La République est-elle soluble dans le Care ?

Cet ouvrage interroge le rapport entre la conception républicaine classique telle qu’on peut la voir résumée dans le slogan « Liberté, égalité, fraternité », et la théorie du Care. S’agit-il d’un conflit insoluble ? Y a-t-il contradiction entre ces deux horizons de pensée ?



L’éthique du Care, appelée aussi éthique de la sollicitude, est apparue à l’origine dans le monde anglophone, suite aux travaux de Carol Gilligan.

Qu’est-ce que le Care peut nous apporter à nous autres, français, nous qui vivons dans une tout autre tradition de pensée ? L’éthique du Care vient-elle s’accorder harmonieusement avec la doctrine républicaine qui fonde notre société actuelle ? Sont-elles, au contraire, incompatibles ? Peut-on aller jusqu’à développer, à partir de cette éthique d’un nouveau genre, une critique du modèle républicain ?

Le lien social

En réalité, le Care vient jeter une lumière nouvelle sur le lien social républicain, celui qui unit les citoyens à l’intérieur d’une même République. Ce lien se constitue sur des valeurs universelles, que l’on peut voir inscrites sur le fronton des mairies « Liberté, égalité, fraternité ».

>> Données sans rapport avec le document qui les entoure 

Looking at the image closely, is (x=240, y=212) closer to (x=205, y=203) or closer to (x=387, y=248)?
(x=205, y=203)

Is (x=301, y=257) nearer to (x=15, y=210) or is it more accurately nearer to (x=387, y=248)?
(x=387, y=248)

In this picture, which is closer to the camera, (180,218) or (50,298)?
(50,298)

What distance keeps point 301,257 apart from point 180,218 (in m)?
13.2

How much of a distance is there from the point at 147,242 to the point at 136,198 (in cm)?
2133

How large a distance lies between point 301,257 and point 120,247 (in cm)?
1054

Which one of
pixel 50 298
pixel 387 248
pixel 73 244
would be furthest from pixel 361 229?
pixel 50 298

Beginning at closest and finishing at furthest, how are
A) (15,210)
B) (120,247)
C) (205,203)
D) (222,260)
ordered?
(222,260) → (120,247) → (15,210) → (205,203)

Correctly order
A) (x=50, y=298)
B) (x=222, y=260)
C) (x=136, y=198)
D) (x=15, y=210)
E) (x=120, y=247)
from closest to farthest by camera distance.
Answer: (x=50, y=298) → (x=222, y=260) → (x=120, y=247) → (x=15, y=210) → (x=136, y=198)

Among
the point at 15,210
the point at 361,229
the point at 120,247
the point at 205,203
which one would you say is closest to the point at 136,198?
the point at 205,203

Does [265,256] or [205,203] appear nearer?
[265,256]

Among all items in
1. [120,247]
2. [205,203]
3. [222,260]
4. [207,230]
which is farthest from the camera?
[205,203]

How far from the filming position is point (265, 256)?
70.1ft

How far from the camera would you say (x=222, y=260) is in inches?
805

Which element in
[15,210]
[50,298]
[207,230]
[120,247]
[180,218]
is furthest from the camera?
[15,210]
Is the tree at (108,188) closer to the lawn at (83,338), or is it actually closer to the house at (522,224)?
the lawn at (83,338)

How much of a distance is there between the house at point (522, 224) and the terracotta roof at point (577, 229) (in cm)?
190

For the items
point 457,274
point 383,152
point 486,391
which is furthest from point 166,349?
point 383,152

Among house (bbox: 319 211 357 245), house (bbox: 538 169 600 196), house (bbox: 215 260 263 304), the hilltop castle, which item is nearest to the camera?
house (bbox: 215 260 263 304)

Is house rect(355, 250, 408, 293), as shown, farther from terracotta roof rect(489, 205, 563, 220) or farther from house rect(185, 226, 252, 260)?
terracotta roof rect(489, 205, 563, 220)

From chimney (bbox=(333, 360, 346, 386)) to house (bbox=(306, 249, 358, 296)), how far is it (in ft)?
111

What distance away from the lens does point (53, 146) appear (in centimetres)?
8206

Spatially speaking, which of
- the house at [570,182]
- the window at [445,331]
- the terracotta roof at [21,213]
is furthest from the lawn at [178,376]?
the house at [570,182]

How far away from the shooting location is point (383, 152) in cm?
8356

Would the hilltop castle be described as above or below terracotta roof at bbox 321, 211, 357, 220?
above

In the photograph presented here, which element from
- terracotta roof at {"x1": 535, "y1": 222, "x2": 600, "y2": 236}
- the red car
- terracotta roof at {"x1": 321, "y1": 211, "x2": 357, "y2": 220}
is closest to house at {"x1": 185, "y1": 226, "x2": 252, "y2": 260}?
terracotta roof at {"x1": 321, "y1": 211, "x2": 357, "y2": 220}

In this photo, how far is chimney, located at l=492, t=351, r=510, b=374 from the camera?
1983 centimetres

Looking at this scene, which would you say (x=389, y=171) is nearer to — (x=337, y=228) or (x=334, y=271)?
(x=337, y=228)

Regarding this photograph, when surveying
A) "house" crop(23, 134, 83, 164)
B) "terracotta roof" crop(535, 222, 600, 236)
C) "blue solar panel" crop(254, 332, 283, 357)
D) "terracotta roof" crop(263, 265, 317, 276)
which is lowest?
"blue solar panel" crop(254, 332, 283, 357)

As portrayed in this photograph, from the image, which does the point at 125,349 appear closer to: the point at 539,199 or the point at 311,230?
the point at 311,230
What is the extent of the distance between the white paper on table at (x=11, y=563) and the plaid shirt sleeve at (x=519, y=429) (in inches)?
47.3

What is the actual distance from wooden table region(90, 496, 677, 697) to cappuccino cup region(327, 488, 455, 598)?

Or n’est-ce pas cela qui nous lie, d’abord en nous reconnaissant chacun égaux par nature, égaux en autonomie, en faculté de nous autodéterminer ? 1.

C’est parce que nous sommes chacun « sujet de droit », « personne autonome », que nous sommes égaux, et cette égalité fonde, précisément le lien social. Voici comment l’on pourrait résumer l’approche républicaine sur cette question.

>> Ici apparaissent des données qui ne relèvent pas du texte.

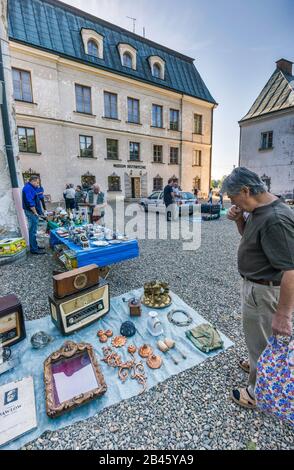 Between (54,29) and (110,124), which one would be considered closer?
(54,29)

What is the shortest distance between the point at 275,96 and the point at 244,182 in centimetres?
2192

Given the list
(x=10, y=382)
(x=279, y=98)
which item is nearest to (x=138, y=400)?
(x=10, y=382)

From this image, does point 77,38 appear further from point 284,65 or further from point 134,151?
point 284,65

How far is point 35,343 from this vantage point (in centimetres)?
243

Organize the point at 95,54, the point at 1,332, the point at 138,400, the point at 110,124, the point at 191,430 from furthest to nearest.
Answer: the point at 110,124 → the point at 95,54 → the point at 1,332 → the point at 138,400 → the point at 191,430

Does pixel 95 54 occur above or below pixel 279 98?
above

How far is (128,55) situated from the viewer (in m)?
16.2

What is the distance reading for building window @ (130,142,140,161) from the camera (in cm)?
1731

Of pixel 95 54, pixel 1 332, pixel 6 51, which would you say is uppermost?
pixel 95 54

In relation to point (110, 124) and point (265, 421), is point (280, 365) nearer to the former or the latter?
point (265, 421)

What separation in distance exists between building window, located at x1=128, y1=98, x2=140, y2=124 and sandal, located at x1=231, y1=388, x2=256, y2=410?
59.7 feet

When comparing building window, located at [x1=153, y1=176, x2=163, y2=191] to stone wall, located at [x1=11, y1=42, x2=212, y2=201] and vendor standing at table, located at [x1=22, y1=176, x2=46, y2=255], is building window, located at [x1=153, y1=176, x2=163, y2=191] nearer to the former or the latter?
stone wall, located at [x1=11, y1=42, x2=212, y2=201]

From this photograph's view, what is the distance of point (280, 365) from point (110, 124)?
17307mm

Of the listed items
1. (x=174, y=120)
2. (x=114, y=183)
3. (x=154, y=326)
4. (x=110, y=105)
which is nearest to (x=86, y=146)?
(x=114, y=183) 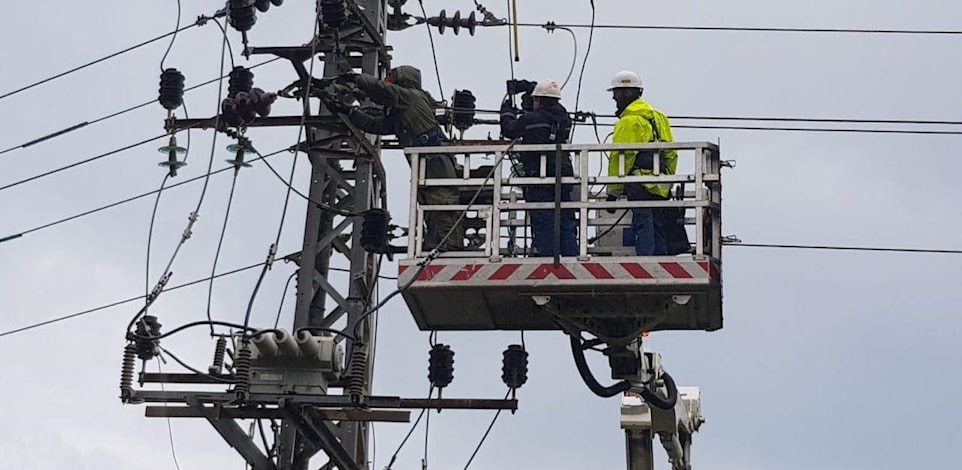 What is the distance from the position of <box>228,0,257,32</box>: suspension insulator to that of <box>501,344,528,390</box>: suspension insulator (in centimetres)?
360

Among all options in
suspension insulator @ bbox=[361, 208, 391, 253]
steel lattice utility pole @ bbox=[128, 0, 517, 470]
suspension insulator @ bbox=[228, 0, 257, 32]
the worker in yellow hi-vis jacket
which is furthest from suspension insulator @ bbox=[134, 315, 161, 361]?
the worker in yellow hi-vis jacket

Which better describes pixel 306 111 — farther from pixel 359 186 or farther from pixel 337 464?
pixel 337 464

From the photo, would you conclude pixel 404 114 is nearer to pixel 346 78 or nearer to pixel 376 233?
pixel 346 78

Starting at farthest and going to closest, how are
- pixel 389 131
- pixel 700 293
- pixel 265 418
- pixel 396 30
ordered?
pixel 396 30 → pixel 389 131 → pixel 265 418 → pixel 700 293

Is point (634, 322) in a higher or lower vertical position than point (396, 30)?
lower

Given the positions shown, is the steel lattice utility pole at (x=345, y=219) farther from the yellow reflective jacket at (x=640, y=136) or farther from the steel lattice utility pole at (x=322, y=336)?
the yellow reflective jacket at (x=640, y=136)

Pourtant, ne serait-on pas en droit de venir interroger et remettre en question cette belle apparence ? il semble en effet que ce modèle soit en crise, ainsi que le diagnostique Simon Perrier :

Cela ne suffit pas, ou plus, à faire une société, à un lien qui ne serait pas seulement statique mais dynamique. L’amour de l’universel a perdu de son charme. L’égalité devant les lois, sous le règne du droit, qui a porté si haut les cœurs, ne suffit plus à transcender les antagonismes, à dépasser les égoïsmes 2.

Pourquoi ?

La théorie du Care peut nous donner des éléments de réponse.

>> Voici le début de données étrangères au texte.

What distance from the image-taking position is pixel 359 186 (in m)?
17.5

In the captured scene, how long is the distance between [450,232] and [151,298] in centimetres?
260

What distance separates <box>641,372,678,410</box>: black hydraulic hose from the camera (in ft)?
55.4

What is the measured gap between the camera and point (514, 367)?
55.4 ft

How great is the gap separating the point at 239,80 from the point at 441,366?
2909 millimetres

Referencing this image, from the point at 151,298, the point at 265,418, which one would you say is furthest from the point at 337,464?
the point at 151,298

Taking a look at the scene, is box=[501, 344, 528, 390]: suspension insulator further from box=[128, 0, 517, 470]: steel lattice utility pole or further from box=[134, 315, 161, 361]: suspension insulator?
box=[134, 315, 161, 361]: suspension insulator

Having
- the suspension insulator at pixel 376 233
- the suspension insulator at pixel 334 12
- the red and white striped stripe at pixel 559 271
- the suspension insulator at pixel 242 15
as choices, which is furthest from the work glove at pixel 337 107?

En effet, le républicanisme nous apparaît à la lumière de celle-ci comme un universalisme abstrait, où prévaut le chacun pour soi 3 de l’individualisme libéral.

L’individualisme républicain

La définition de la liberté que l’on trouve dans l’article 4 de la Déclaration des droits de l’homme et du citoyen en témoigne : L’exercice des droits naturels de chaque homme n’a de bornes que celles qui assurent aux autres Membres de la Société la jouissance de ces mêmes droits. La liberté n’est définie que négativement, et reste donc formelle. L’autre n’apparaît que comme celui qui vient limiter ma liberté, et il ne s’agit que de se protéger des autres hommes. Cette définition porte en elle d’emblée un antagonisme des hommes entre eux, plutôt que leur lien, et celui-ci ne pourra plus être retrouvé par la suite.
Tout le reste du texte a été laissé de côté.